The Miracles persisted, issuing five further Top 40 R&B singles led by the number-one “Love Machine” from the ambitious 1975 concept album City of Angels, itself an R&B chart-topper. Their final studio album appeared in 1978, though assorted lineups continued performing; the original members entered the Rock & Roll Hall of Fame in 2012.

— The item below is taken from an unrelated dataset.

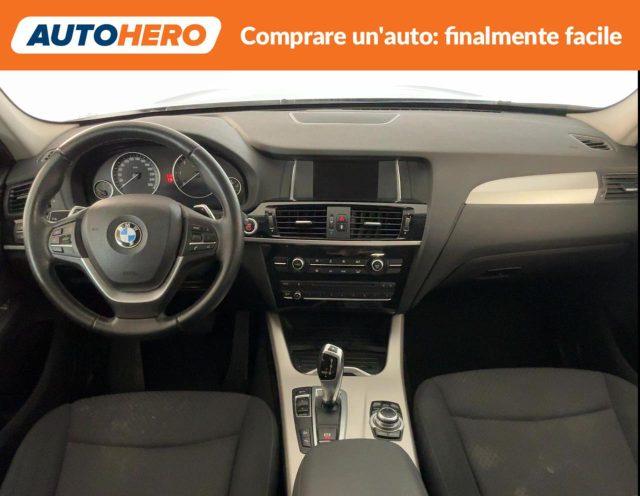 BMW X3 xDrive20d Business Advantage Aut.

Earlier configurations included the Five Chimes and the Matadors. Formed in Detroit in 1955, the Five Chimes comprised Northern High School classmates William “Smokey” Robinson on tenor, Warren “Pete” Moore on bass, Ronnie White on baritone, plus Clarence Dawson and James Grice. Dawson and Grice soon exited, replaced by cousins Emerson “Sonny” Rogers on tenor and Bobby Rogers on tenor and choreography, after which the group performed as the Matadors. Shortly before a 1956 audition for Jackie Wilson’s manager and creative circle, Sonny Rogers enlisted in the Army; Robinson recruited Claudette Rogers, sister of Sonny and a member of the Matador-ettes, to sing high tenor. Although Wilson’s manager Nat Tarnopol deemed the Matadors overly reminiscent of the Platters, one of Wilson’s songwriters at the session, Berry Gordy, Jr., began working with them, and at his urging they became the Miracles in 1957. In 1958 the group reached number five on Billboard’s R&B chart with their first single, “Got a Job”—an answer to the Silhouettes’ “Get a Job”—written by Gordy and Billy Davis and licensed to New York’s End label; another End release, the Robinson-Gordy composition “Money” (also known as “[I Need Some] Money”), appeared soon after.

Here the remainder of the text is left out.